Town leaders have faced the challenge of balancing a budget in lean times. As Rex recalled, staff and council made changes in spending over the past three to four years. The town has reduced its workforce from 63 full-time employees to 58. Last spring council backed an effort by the town to shift to using part-time labor rather than pay overtime while trying not to affect the level of service, Rex explained. The effort focused mainly on the areas of public works and police.
“The difficulty is that each year we can kind of take a look at more things, but eventually we’re going to hit a block wall and realize that we’ve cut as much as we can and there’s nothing else that we can cut without affecting the level of service,” Rex said.
But town leaders remain hopeful that the likely annexation of the adjacent industrial park can bring additional revenue to Strasburg. Rex said the added tax money should lead the town down a sustainable path for the next five years.
The town manager also noted that Strasburg should come out of the current fiscal year with a surplus of $45,000 in the general fund.
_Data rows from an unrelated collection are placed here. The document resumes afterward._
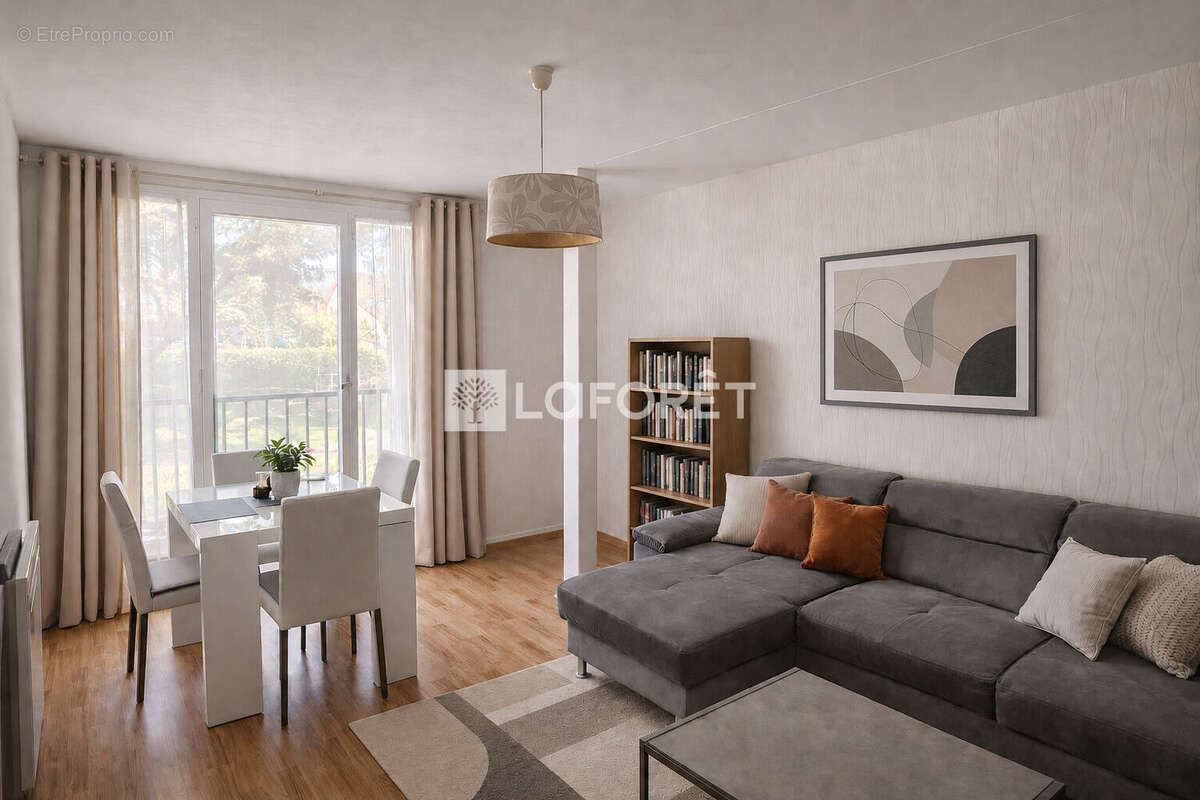 Appartement à LINAS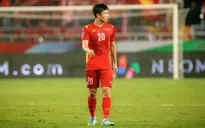 Phan Văn Đức chia tay ĐT Việt Nam vì chấn thương
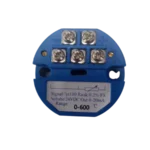 Transmetteur de température PT100 avec bornes de connexion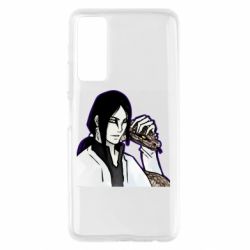 Чохол для Huawei P Smart 2021 Orochimaru with a snake - PrintSalon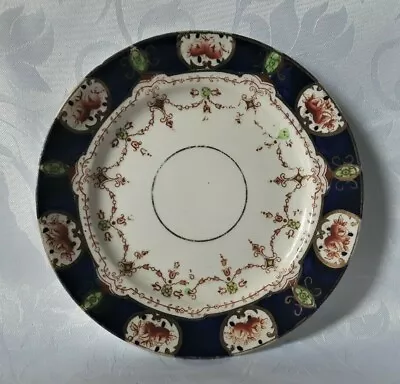 Buy Stanley China Side Plate Art Nouveau Imari Style Bone China Bread & Butter Plate • 15.95£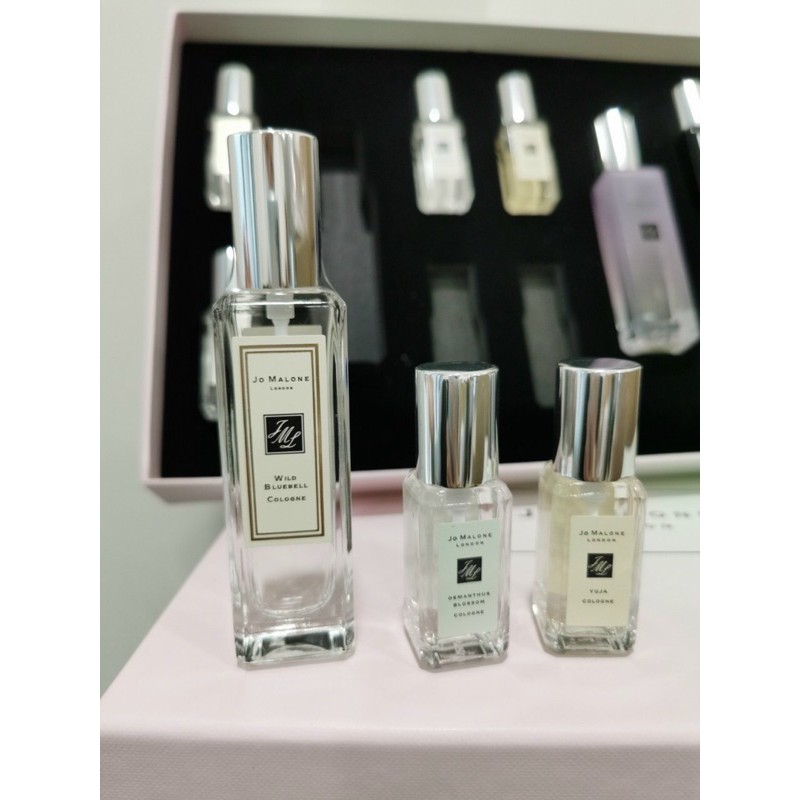 HÀNG VỀ LẠI Set nước hoa Jo Malone 10 món sỉ | Thế Giới Skin Care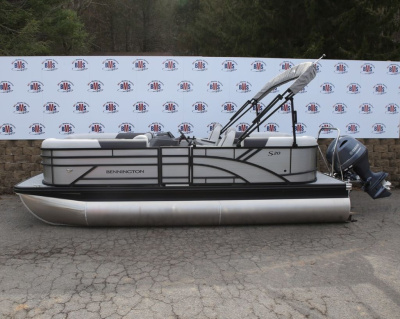 2026 Bennington 20 SSR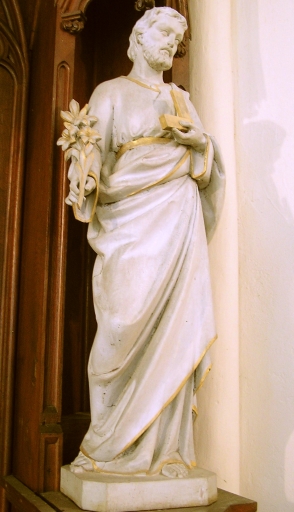 Statue : Saint Joseph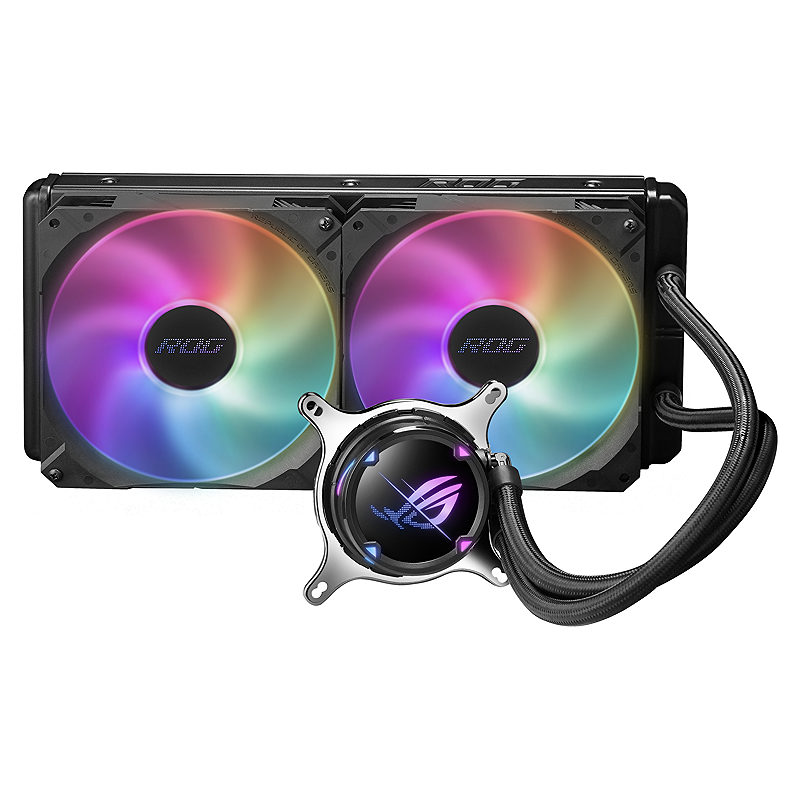ASUS ROG STRIX LC II 280 ARGB - Billede 7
Likewise, the town can expect to see a surplus next fiscal year, Rex added. Council would make the decision on how to use the surplus revenue. The surpluses are not related to the water and sewer rates established by the utility funds. Rex noted the town is setting money aside in the utility funds to reduce the need to raise rates in the near future.
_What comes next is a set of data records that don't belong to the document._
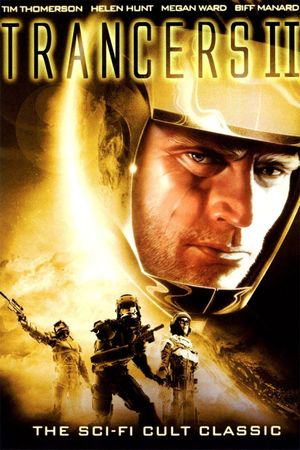 Trancers II's poster
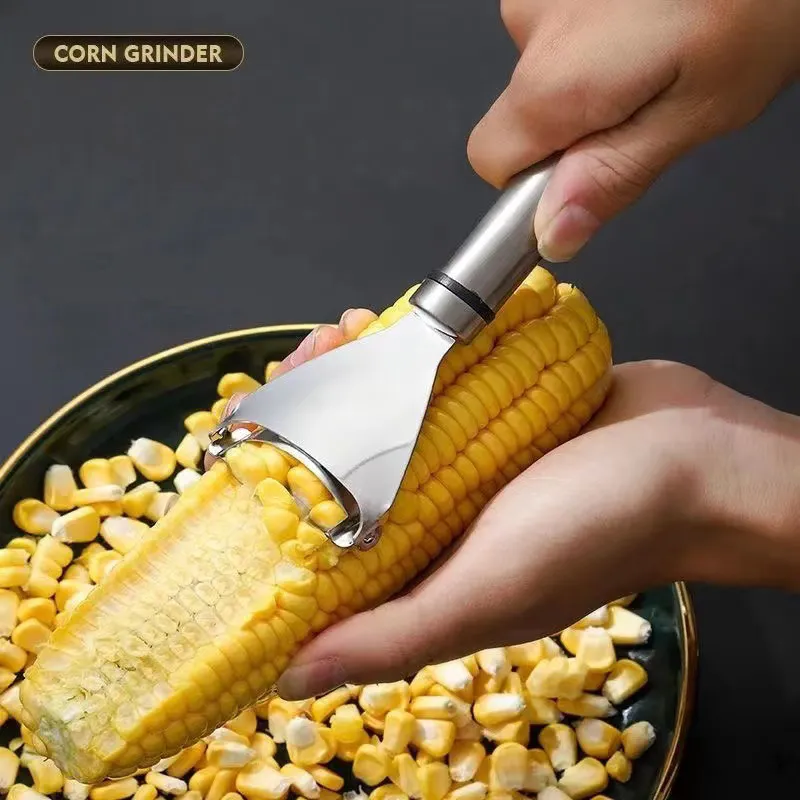 Edelstahl Mais stripper Küchen-Gadgets Haus Mais drescher Küche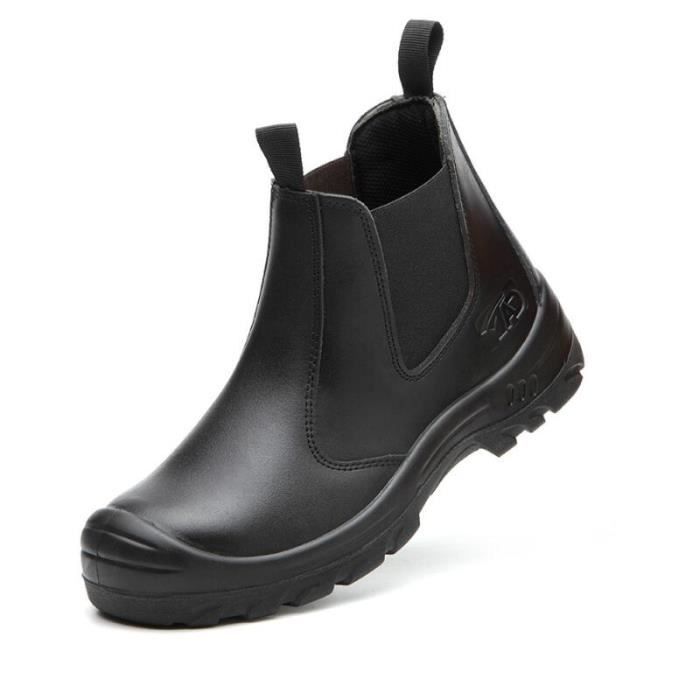 bottes confortables pieds sensibles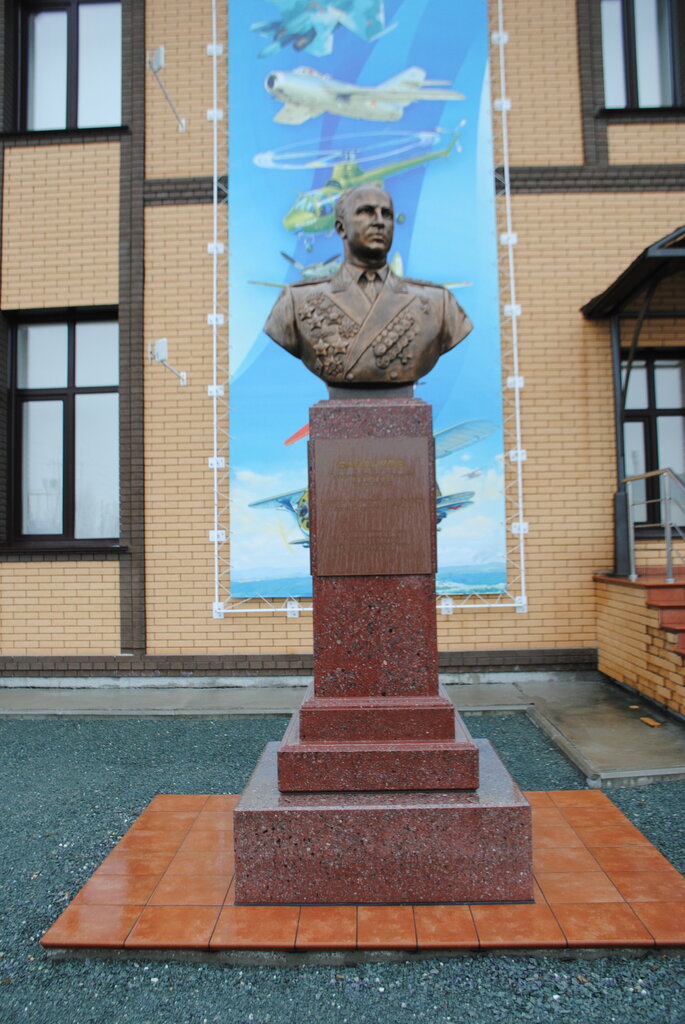 Museo Музей авиации и космонавтики им. Г. Титова, , foto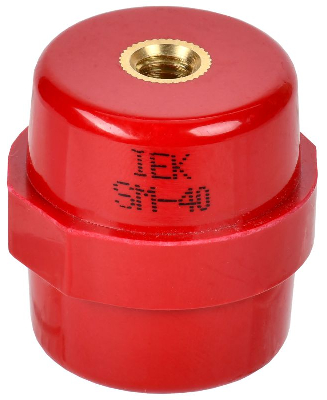 Изолятор SM 40 силовой ИЭК YIS11-40-12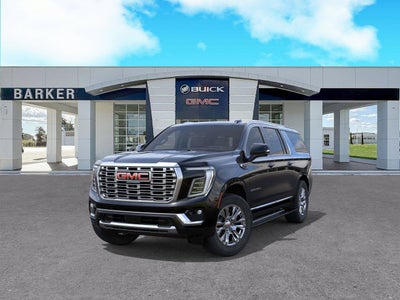 2027 GMC Yukon XL Denali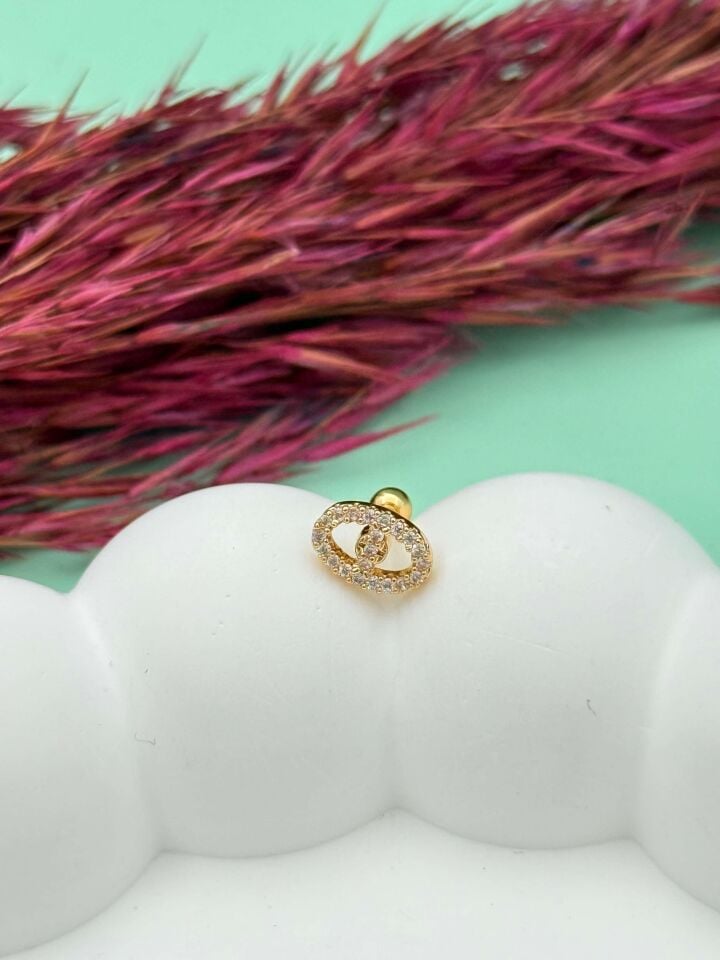 Steel Tragus // TRAG-100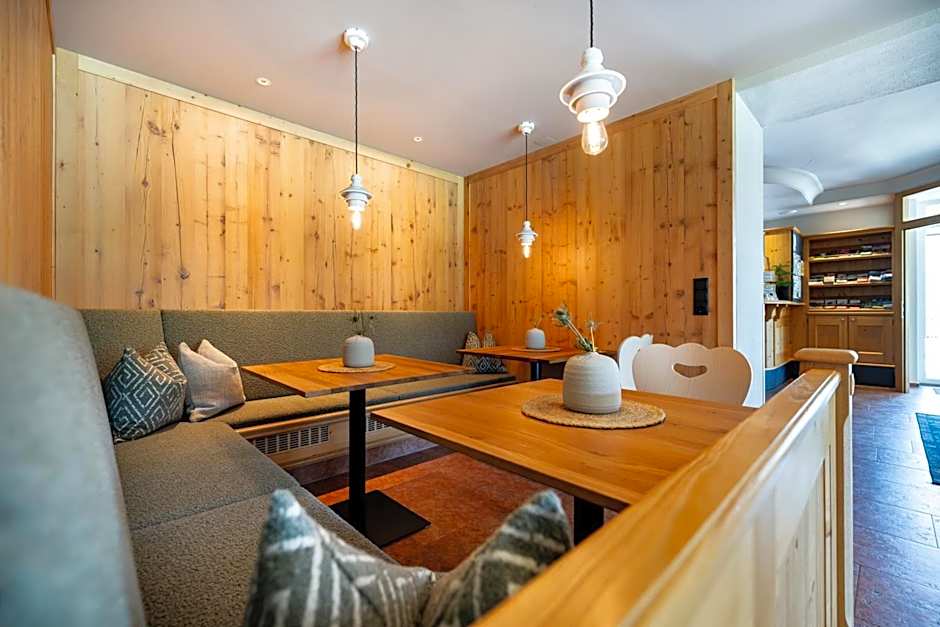 Aparthotel Jägerheim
Council also took up a matter related to efforts to improve the water system. Council agreed to purchase an easement necessary to install a water line and related pressure equipment between Crystal Hill and Madison Heights subdivisions. The connector is seen as a way to improve water flow and pressure to the area. Plans also call for the replacement of a water line along Laurie Drive. The town is using some of the money left over from the recent upgrade project to the water treatment plant.
“We still need the [water] storage, but this will at least help,” Rex said.